Koffel, an Australian who has run URS for more than two decades, noted that the labor cost advantage between the United States and developing countries had shrunk as wages in the country have stagnated and inflation has been low, while at the same time U.S. labor productivity has surged.

Koffel's conversations with clients indicate that general manufacturers and makers of heavy machinery are gearing up to expand at home again to feed foreign demand, and so he was trying to position URS to benefit by hiring the right people.

A large part of URS revenue comes from the U.S. government, including defense and nuclear work, and while federal spending is likely to fall, Koffel expects those two areas to remain fairly stable. "You can not legislate for an extension of a half-life of an isotope," he said.

URS just completed its $1.24 billion acquisition of Canadian oilfield services company Flint Energy Services on Monday, which Koffel said satisfied a long-standing ambition to increase its interest in the energy sector.

URS will now derive over a fifth of its revenue from oil and gas, making it its second-largest sector, behind federal.

Also, spending by utilities on power plants would eventually have to increase, but the economy would need to recover first to increase power demand, Koffel said.

URS does a lot of construction, and a long-delayed federal highway spending bill has meant local spending had to make up the difference, he said.

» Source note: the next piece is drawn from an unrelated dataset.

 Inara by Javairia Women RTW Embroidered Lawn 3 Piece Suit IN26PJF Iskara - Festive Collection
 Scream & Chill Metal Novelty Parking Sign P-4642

Koffel estimated a typical highway was now about 30 to 40 percent funded by federal money -- half its share in the past, but not necessarily a problem.

"If they have to raise more of their money on their own ingenuity, you're likely to please more people," he said.

Britain is another big market for the San Francisco-based company, and austerity measures there means URS has faced a squeeze on margins, though revenue had held steady, he said.